Use SW_MSI to open the aperture like ARM, use techniques like
AMD/Intel to manage the translation table in the shared DC

Don't touch the iommu_domain from the interrupt driver, it simply
cannot work.
 
> > It looks like there is something in here to support HW that doesn't
> > have msiptp? That's different, and also looks very confused.
> 
> The only support is to ensure all the host IMSICs are mapped, otherwise
> we can't turn on IOMMU_DMA since all MSI writes will cause faults. We
> don't set IRQ_DOMAIN_FLAG_ISOLATED_MSI in this case, though, since we
> don't bother unmapping MSI addresses of harts that IRQs have be un-
> affined from.

OK, that seems like a good first series. Implement just the SW_MSI to
expose all the IMSIC's.

> > Instead it probably has to use the SW_MSI mechanism to request mapping
> > the interrupt controller aperture. You don't get
> > IRQ_DOMAIN_FLAG_ISOLATED_MSI with something like this though. Look at
> > how ARM GIC works for this mechanism.
> 
> I'm not seeing how SW_MSI will help here, but so far I've just done some
> quick grepping and code skimming.

SW_MSI is intended to deal with exactly what you are describing - the
IOMMU translates the MSI aperture.

1) The driver declares a IOMMU_RESV_SW_MSI in it's reserved_regions
2) When a subsystem wishes to use an iommu_domain it must detect the
   SW_MSI and setup some IOVA for it to use
   a) dma-iommu.c allocates IOVA dynamically per-page via
      iommu_dma_get_msi_page()
   b) Classic VFIO uses iommu_get_msi_cookie() with the SW_MSI range.
   c) iommufd has its own logic in and around iommufd_sw_msi()
3) When the IRQ driver wants to establish a MSI it computes the
   untranslated address it wants and then calls iommu_dma_prepare_msi()

   iommu_dma_prepare_msi() will return the a msi_desc with the address
   adjusted

   For instance dma-iommu.c has iommu_dma_prepare_msi() call into
   iommu_dma_get_msi_page() which will establish any required mapping
   for phys at some IOVA it picks.

The riscv mess has the additional obnoxious complexity that the S1/S2
are inconsisent.

Right now the only way to deal with this would be to only use one of
the S1 or S2 and make that decision when the iommu driver starts.

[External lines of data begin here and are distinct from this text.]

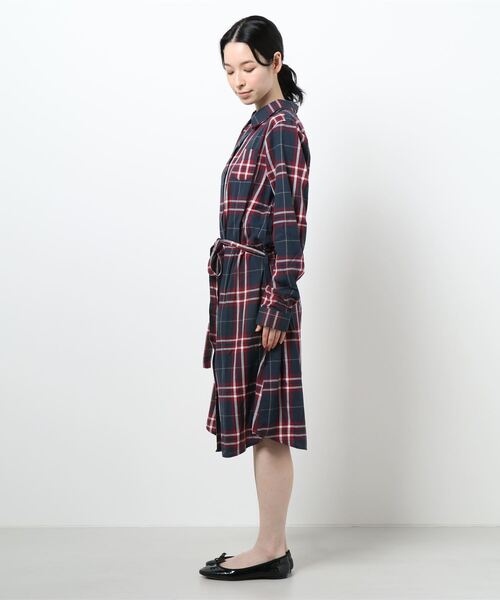 OUTDOOR PRODUCTS APPAREL(アウトドアプロダクツアパレル)の「チェックロングシャツワンピース ゆるっとしたシルエット 前を開けて羽織りとしても使える万能アイテム 2WAY仕様(ワンピース・レディース・ブラウン/レッド/ブルー・MEDIUM/LARGE)」の5枚目の写真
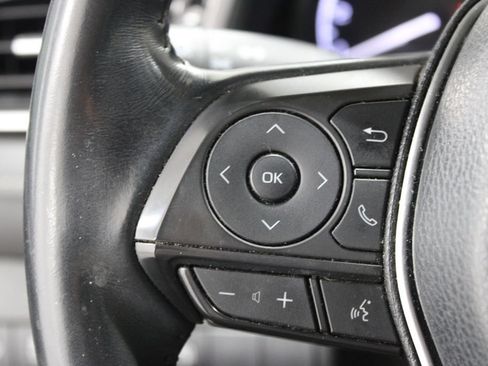 Used 2018 Toyota Camry SE FWD image 27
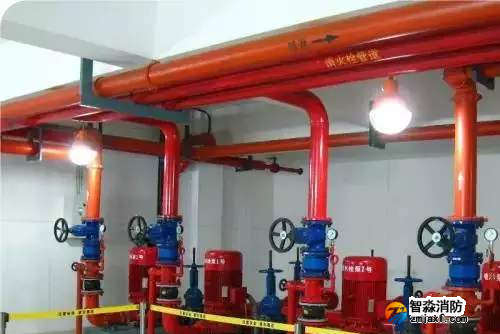 檢查消防水池進(jìn)入消防泵、噴淋泵的閥門是否常開
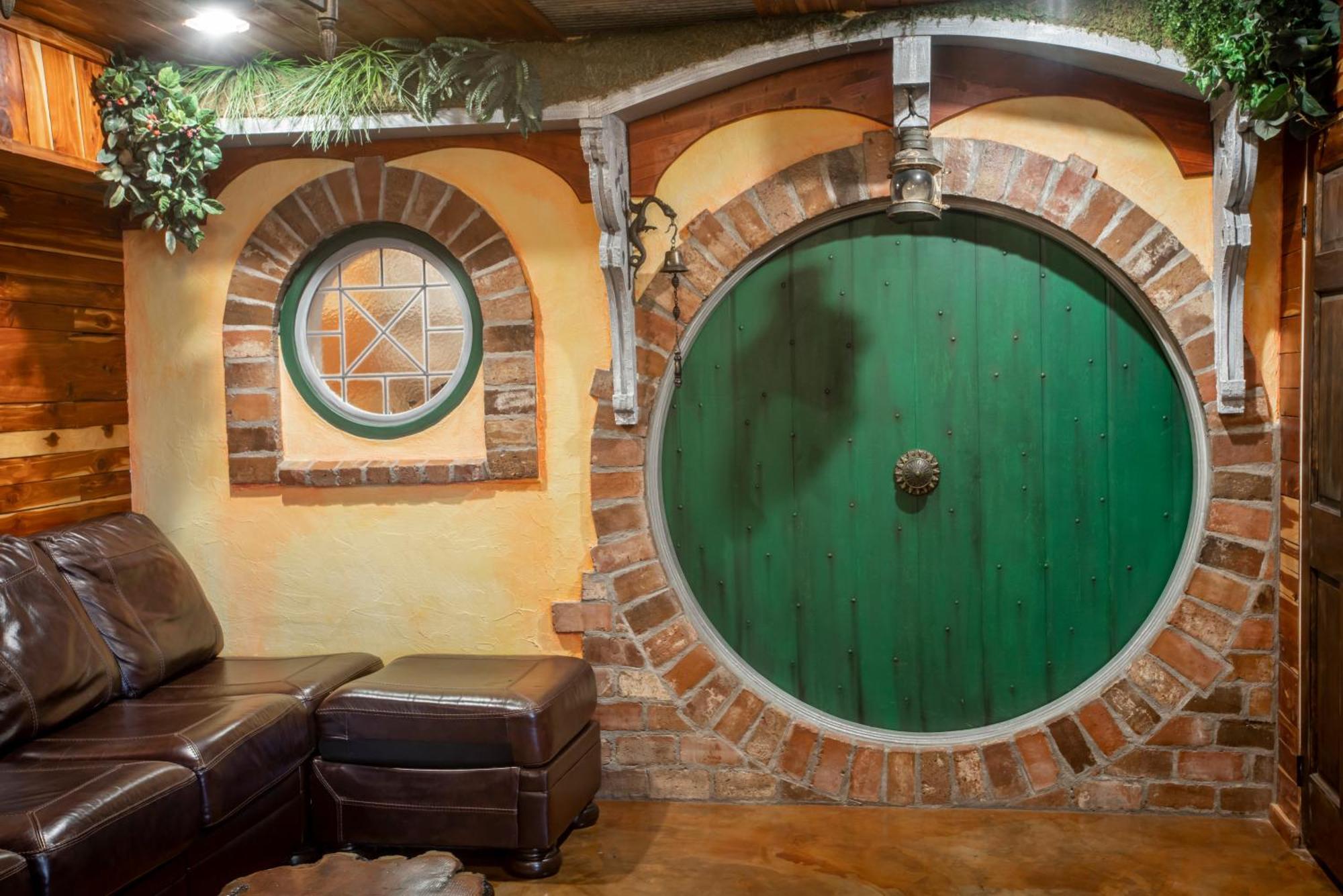 The Hobbit House, Fantasy Comes Home! Russellville Kültér fotó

You
can return the right SW_MSI/HW_MSI based on which PAGING domain style
the driver is going to use.

I recommend if the S2 is available you make the driver always use the
S2 for everything and ignore the S1 except for explicit two stage
translation setup by a hypervisor. Thus always return HW_MSI.

If the iommu does not support S2 then always use S1 and always return
SW_MSI.

Disallow SW from creating a PAGING domain that mismatches the expected
interrupt setup.

There is still quite some mess to enhance the iommu_dma_prepare_msi()
path to support all the modes, that will need new code as ARM doesn't
have the difference between S1/S2 (sigh)

But broadly this is the sketch for where the touchpoints should be to
setup a MSI aperture that has to go through the page table.

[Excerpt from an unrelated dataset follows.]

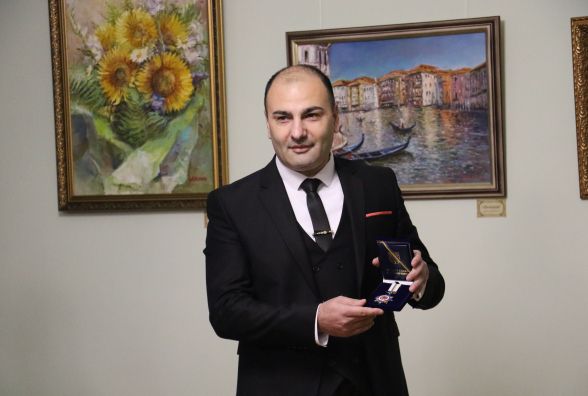 З любов’ю до Житомира: в Домі української культури відкрилася виставка живопису Артура Хачатряна
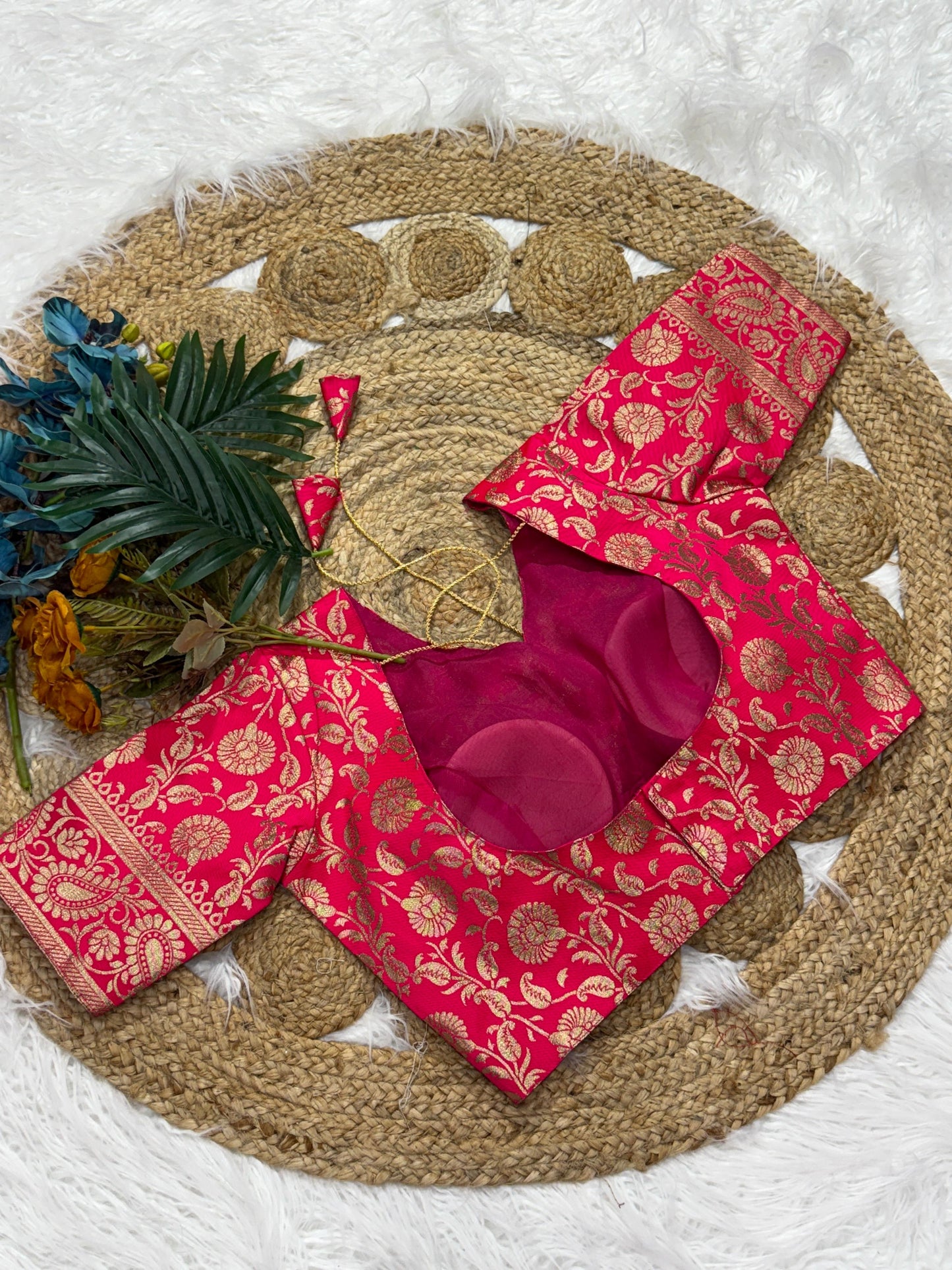 Premium Gold Crush Saree with Banarasi Zari Weaving Brocade Blouse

> The first five patches plus the "enable IOMMU_DMA" will allow paging
> domains to be used by default, while paving the way for patches 6-8 to
> allow host IRQs to be isolated to the best of our ability (only able to
> access IMSICs to which they are affined). So we could have
> 
> series1: irqdomain + map all imsics + enable IOMMU_DMA

Yes, please lets try to get through this first..

> series2: actually apply irqdomain in order to implement map/unmap of MSI
>          ptes based on IRQ affinity - set IRQ_DOMAIN_FLAG_ISOLATED_MSI,
>          because that's the best we've got...

Make sense, but as above, need to do something to make it actually
implement IRQ_DOMAIN_FLAG_ISOLATED_MSI. Limited to HARTS is not the
same thing.

This also needs some kind of new iommufd support, and I don't know how
it will work, but setting the DC.msi_addr* should come from userspace
and create a new reserved region.. Maybe we need to create per-domain
reserved regions..

> series3: the rest of the patches of this series which introduce irqbypass
>          support for the virt use case

Yes

> Would that be better? Or do you see some need for some patch splits as
> well?

I did not try to look at the patches for this, but I think your three
themes makes alot of sense.

Please include in the cover letter some of the explanations from these
two RFC postings about how the HW works.